EXERCISE DATA START
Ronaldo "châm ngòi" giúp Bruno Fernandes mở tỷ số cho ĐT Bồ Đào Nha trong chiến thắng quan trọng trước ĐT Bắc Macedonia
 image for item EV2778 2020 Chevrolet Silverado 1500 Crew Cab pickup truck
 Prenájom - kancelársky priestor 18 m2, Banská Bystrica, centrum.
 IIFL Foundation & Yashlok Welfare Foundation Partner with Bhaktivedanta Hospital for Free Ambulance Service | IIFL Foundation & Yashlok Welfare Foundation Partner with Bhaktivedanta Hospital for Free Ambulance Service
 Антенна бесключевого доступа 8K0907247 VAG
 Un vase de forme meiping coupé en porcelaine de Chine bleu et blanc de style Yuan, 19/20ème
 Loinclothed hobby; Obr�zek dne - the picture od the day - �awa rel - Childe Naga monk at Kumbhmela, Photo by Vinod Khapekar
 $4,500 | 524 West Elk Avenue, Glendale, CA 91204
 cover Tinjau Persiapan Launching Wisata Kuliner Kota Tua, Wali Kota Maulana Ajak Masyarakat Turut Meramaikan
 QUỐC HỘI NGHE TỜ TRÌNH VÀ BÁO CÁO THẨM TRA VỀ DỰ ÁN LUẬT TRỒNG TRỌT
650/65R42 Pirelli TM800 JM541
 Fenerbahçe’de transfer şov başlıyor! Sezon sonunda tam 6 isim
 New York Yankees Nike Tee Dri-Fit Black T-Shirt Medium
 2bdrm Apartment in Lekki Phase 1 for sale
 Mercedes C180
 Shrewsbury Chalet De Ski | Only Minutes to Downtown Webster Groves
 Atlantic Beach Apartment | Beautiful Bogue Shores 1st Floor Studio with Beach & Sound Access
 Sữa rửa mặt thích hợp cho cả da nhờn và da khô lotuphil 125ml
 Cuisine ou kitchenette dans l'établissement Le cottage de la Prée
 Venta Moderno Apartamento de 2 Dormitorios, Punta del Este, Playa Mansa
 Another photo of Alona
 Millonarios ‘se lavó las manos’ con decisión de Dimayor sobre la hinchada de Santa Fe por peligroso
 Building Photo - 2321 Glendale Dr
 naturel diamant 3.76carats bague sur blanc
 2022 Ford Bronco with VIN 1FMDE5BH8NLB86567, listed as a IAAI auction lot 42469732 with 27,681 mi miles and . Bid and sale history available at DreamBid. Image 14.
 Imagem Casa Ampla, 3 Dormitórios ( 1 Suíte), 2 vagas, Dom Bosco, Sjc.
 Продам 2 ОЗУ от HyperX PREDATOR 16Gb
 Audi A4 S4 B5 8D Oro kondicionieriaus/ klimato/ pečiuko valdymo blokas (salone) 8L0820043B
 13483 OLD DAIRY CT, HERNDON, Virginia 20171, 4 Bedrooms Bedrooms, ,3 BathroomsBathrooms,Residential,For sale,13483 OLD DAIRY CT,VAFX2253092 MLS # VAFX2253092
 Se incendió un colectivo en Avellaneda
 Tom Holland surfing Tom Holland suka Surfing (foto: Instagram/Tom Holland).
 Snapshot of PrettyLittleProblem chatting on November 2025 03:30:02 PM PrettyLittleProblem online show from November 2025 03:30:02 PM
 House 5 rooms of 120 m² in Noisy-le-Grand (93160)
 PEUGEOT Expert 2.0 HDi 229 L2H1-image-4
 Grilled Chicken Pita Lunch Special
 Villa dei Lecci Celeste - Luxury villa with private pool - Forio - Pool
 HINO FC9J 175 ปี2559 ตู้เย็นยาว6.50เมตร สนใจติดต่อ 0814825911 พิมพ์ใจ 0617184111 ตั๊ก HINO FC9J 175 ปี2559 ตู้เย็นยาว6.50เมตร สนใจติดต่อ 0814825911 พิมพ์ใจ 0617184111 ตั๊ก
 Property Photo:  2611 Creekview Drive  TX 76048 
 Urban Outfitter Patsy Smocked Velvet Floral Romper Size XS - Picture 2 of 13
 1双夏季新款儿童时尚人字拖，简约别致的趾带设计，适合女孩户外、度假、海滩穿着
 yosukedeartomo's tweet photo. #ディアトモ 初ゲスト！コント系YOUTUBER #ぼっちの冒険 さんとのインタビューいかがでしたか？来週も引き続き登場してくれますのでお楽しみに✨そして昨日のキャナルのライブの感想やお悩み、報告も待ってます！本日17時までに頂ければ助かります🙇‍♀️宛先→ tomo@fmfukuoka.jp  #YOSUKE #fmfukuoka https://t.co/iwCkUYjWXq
EXERCISE DATA END
- **ACTIVITY**: Beginning at the line with "Millonarios ‘se lavó" and stopping after the line with "Grilled Chicken Pita Lunch Special", please write out every line of the data above exactly and nothing else.

- **WORKED SOLUTION**:
 Millonarios ‘se lavó las manos’ con decisión de Dimayor sobre la hinchada de Santa Fe por peligroso
 Building Photo - 2321 Glendale Dr
 naturel diamant 3.76carats bague sur blanc
 2022 Ford Bronco with VIN 1FMDE5BH8NLB86567, listed as a IAAI auction lot 42469732 with 27,681 mi miles and . Bid and sale history available at DreamBid. Image 14.
 Imagem Casa Ampla, 3 Dormitórios ( 1 Suíte), 2 vagas, Dom Bosco, Sjc.
 Продам 2 ОЗУ от HyperX PREDATOR 16Gb
 Audi A4 S4 B5 8D Oro kondicionieriaus/ klimato/ pečiuko valdymo blokas (salone) 8L0820043B
 13483 OLD DAIRY CT, HERNDON, Virginia 20171, 4 Bedrooms Bedrooms, ,3 BathroomsBathrooms,Residential,For sale,13483 OLD DAIRY CT,VAFX2253092 MLS # VAFX2253092
 Se incendió un colectivo en Avellaneda
 Tom Holland surfing Tom Holland suka Surfing (foto: Instagram/Tom Holland).
 Snapshot of PrettyLittleProblem chatting on November 2025 03:30:02 PM PrettyLittleProblem online show from November 2025 03:30:02 PM
 House 5 rooms of 120 m² in Noisy-le-Grand (93160)
 PEUGEOT Expert 2.0 HDi 229 L2H1-image-4
 Grilled Chicken Pita Lunch Special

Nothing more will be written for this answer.